= Aasia Jeelani =

Kashmiri journalist and human rights activist

Aasia (or Aasiya) Jeelani (1974–2004) was a Kashmiri journalist and human rights activist. After completing her studies in Srinagar, Kashmir, she worked for Agence France Presse (AFP) and then the Times of India. She set up the Association of Parents of Disappeared Persons (APDP) and the Kashmiri Women's Initiative for Peace and Disarmament (KWIPD), editing the latter's newsletter. On 20 April 2004, Jeelani and other activists were monitoring elections when the car she was travelling in was blown up by an improvised explosive device and she was killed. She is remembered as a pioneering feminist journalist.

==Life==

Aasia Jeelani was born on 9 February 1974, in Srinagar, Kashmir. She was educated at the Presentation Convent Higher Secondary School, then completed a Ba in Science at Government College for Women, Nawakadal Srinagar followed by a MA in Journalism at Kashmir University. She grew up during the insurgency in Jammu and Kashmir and began to write about the human rights abuses perpetrated by Indian soldiers. Between 1998 and 2001, she worked for Agence France Presse (AFP). She then moved to Delhi to work at the Times of India before deciding to return to Kashmir and joining the Jammu and Kashmir Coalition of Civil Society (JKCCS). She set up the Association of Parents of Disappeared Persons (APDP) and the Kashmiri Women's Initiative for Peace and Disarmament (KWIPD). She was editor of a newsletter which the KWIPD published every three months called The Voices Unheard.

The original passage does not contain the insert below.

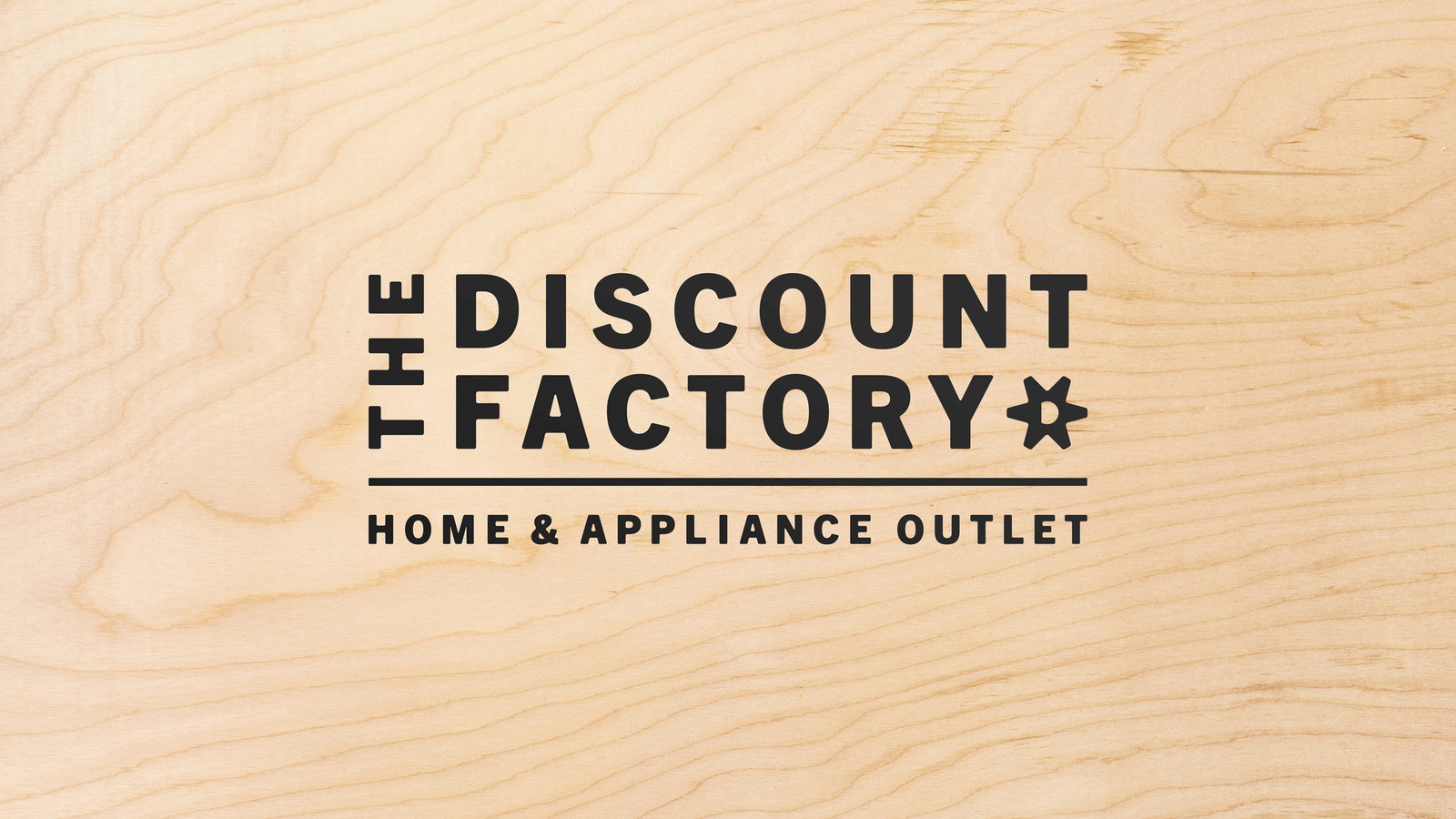 The Discount Factory Home & Appliance Outlet logo in black on a light tan woodgrain texture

On 20 April 2004, Jeelani and other activists were monitoring elections near to the Line of Control at Chandigam in Kupwara district. The car she was travelling in was blown up by an improvised explosive device triggered by militants; she died, the driver was also killed and her colleague Khurram Parvez sustained serious injuries, having a leg amputated.

==Legacy==

Jeelani is remembered as a pioneering feminist journalist. The Jammu and Kashmir Coalition of Civil Society gave her an award named after Robert Thorpe. In 2013, the Coalition commemorated the death of Jeelani by bringing together human rights groups in order to discuss institutional violence. The meeting asked the United Nations to send an investigator to the region.